# What Music Did You Buy First?



## Darth SQ

I'll start.


1st 8-track-Boston, S/T
1st cassette tape-Beatles, Greatest Hits I
1st lp record-The Archies, Greatest Hits Sugar Sugar
1st 45 record-Pilot, Oh Ho Ho It's Magic
1st cd-Fleetwood Mac, Tango In The Night
1st music concert VHS tape-Queensryche, Operation Livecrime
1st music concert DVD-Manheim Steamroller, Christmas Concert Live
1st music concert Bluray-none at this time
1st live music concert-The Who Tempe, AZ. 1979


Bret
PPI-ART COLLECTOR


----------



## james2266

Ok, this could be interesting and I am going to date myself seriously here.

My first cassette I think was Loverboy - the one with Turn me Loose/Kid is hot tonight.

Honestly can't remember my first cd as I switched over to them in bulk if I recall.

My first record (yes, I am that old:laugh I think was Billy Joel Broken Windows (or at least I think was the title)

My 1st 45 (most probably don't even know what a 45 is anymore) was Joan Jett and the Blackhearts - I love Rock and Roll.

Most of this stuff I still love to this day.


----------



## SaturnSL1

First CD I remember buying was Badmotorfinger by Soundgarden. Got it at the Goodwill for a dollar.

One of the best dollars I've ever spent too.


----------



## benny

Beastie Boys -Paul's Boutique, cassette in green plastic

not my first music, but the first I bought for myself


----------



## Darth SQ

Crap, I forgot about 45s.
I'll go back and edit it.
Also, I had to update my lp record since you jogged my memory. 
I also added a few more video formats as well.
Thanks! :thumbsup:


Bret
PPI-ART COLLECTOR


----------



## benny

I used to hang around the local arcade to scoop up the old 45s coming out of the jukebox when they swapped in new stuff


----------



## IBcivic

1st 45 rpm> Roxy Roller by Sweeny Todd
1st 33 rpm album> Cheap Trick, live at Budokan
1st cassette>Van Halen, Van Halen
1st cd>Metalica, And Justice For All


----------



## ISTundra

Dating myself here...

First LP: Abba -Greatest Hits. Remember buying it at Sears in '76 for $4.99, a lot of coin at the time for an 8 yr old.

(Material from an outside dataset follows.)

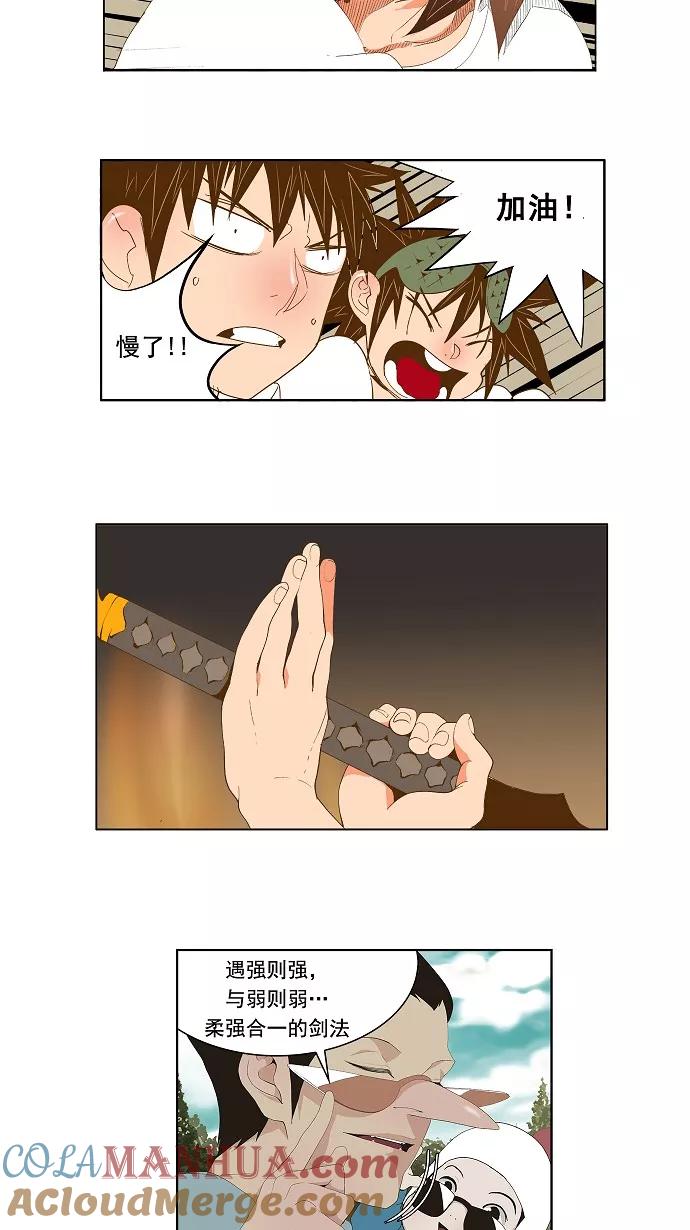 高校之神 - [第2部 全国联赛] 第88话 - 第43张图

First 45: May have been Rod Stewart - Tonight's the Night, circa '76


First 8-track: CW McCall - Black Bear Road. This had "Convoy" on it. Remember playing the **** out of this. Who can forget 8-tracks that switched tracks right in the middle of a song. I think this was my only 8-track.

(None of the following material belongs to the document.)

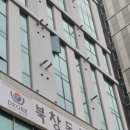 연수원로 | [안산 원시동 맛집] 해장에 딱 좋은 얼큰 순두부와 가성비 세트 맛집 “북창동순두부 안산원시점”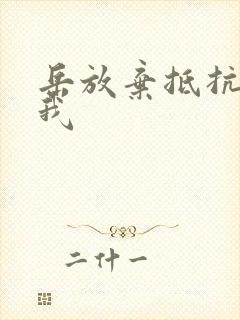 岳放弃抵抗迎合我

First cassette: Don't recall for sure, might have been Night Ranger's Dawn Patrol or Def Leppard Pyromania circa '83

First CD: Scorpions - World Wide Live '85, although the first song I ever heard on CD was Supertramp's "Dreamer" from the Crime of the Century CD.

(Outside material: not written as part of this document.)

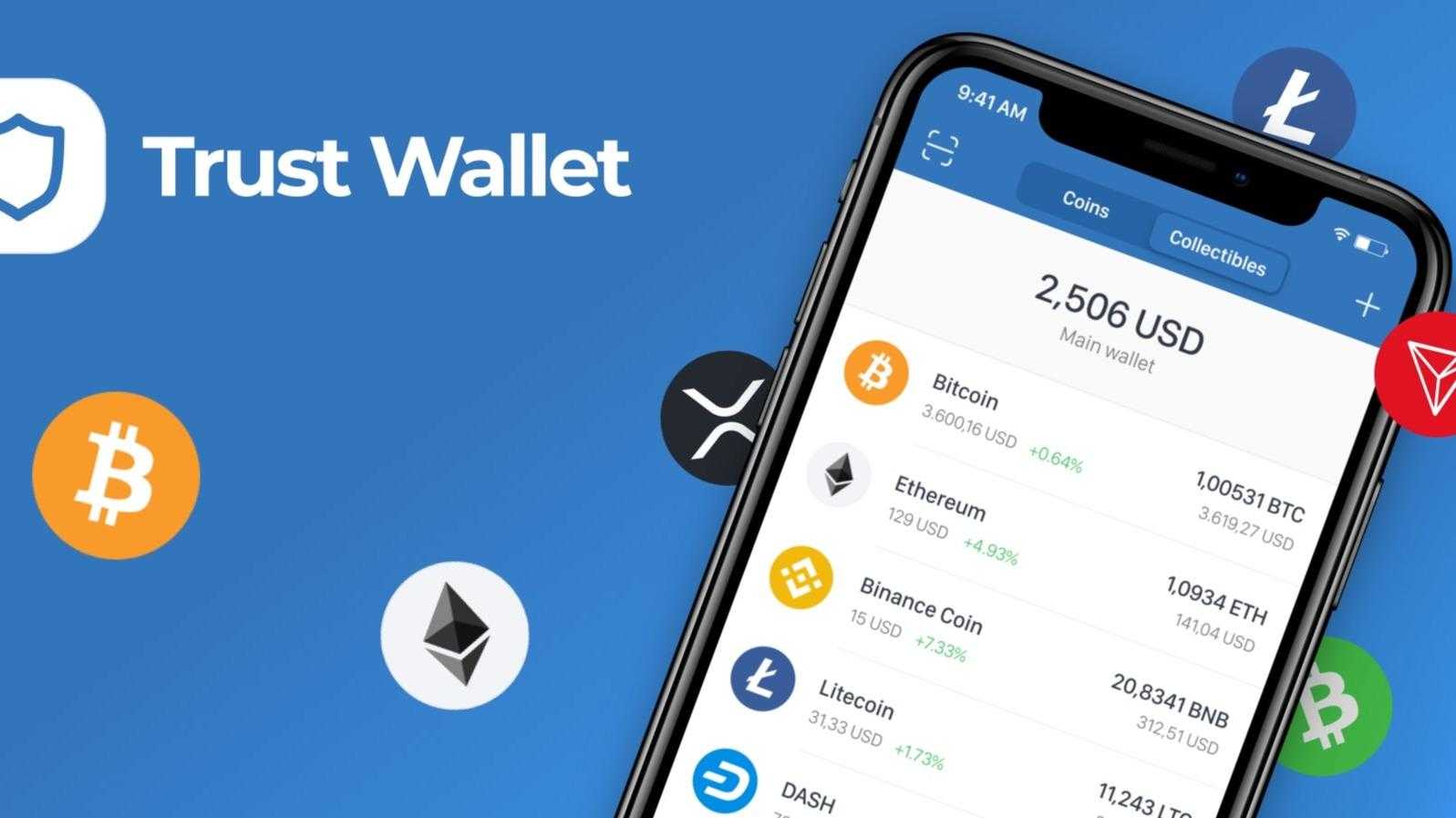 Trust wallet - отзывы о кошельке траст валет 2024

First concert: Rush - Signals Tour '82 in Evansville, Indiana (just saw them again last month in Phoenix on the Clockwork Angels Tour)

A couple of lasts...

Last LP purchase: Dokken - Under Lock & Key '85. Been resisting the urge to get back into vinyl lately

Last cassette: Eric Clapton - Change the World single '97


----------



## marvnmars

1st lp. Paul McCartney and wings venus and mars
1st 45 hey jude the beatles
1st cassette rarely bought them..made my own from lps usally butbhad to buy fleetwood mac tusk
1st 8 track elton john good bye yellow brick road
1cd steely dan decade, one of the 1st cds I could find. Back then you could only buy cds in hifi stores, all the record stores did not start carrying them until later.
1st all digital recorded cd was either dire straits or sting..been a while..funny thing, I have been buying cds ever since, I now have a room full. One day I should open a used cd store. P.s. apple sucks. I have been seriously putting in mh cd in lossless format, trying to get them all in before 2013 is over, but the cloud does not save them lossless format, only 256k. I asked a "genius" about it on my ladt mall trip..yes that is how the cloud works I was told...fracking ****e I cal it.


----------



## m3gunner

Wow... some great music there... especially the Pilot track... one of my all-time favorites. Little known fact: Alan Parsons produced that album for Pilot and the bass player ended up playing on most of the Alan Parsons Project albums...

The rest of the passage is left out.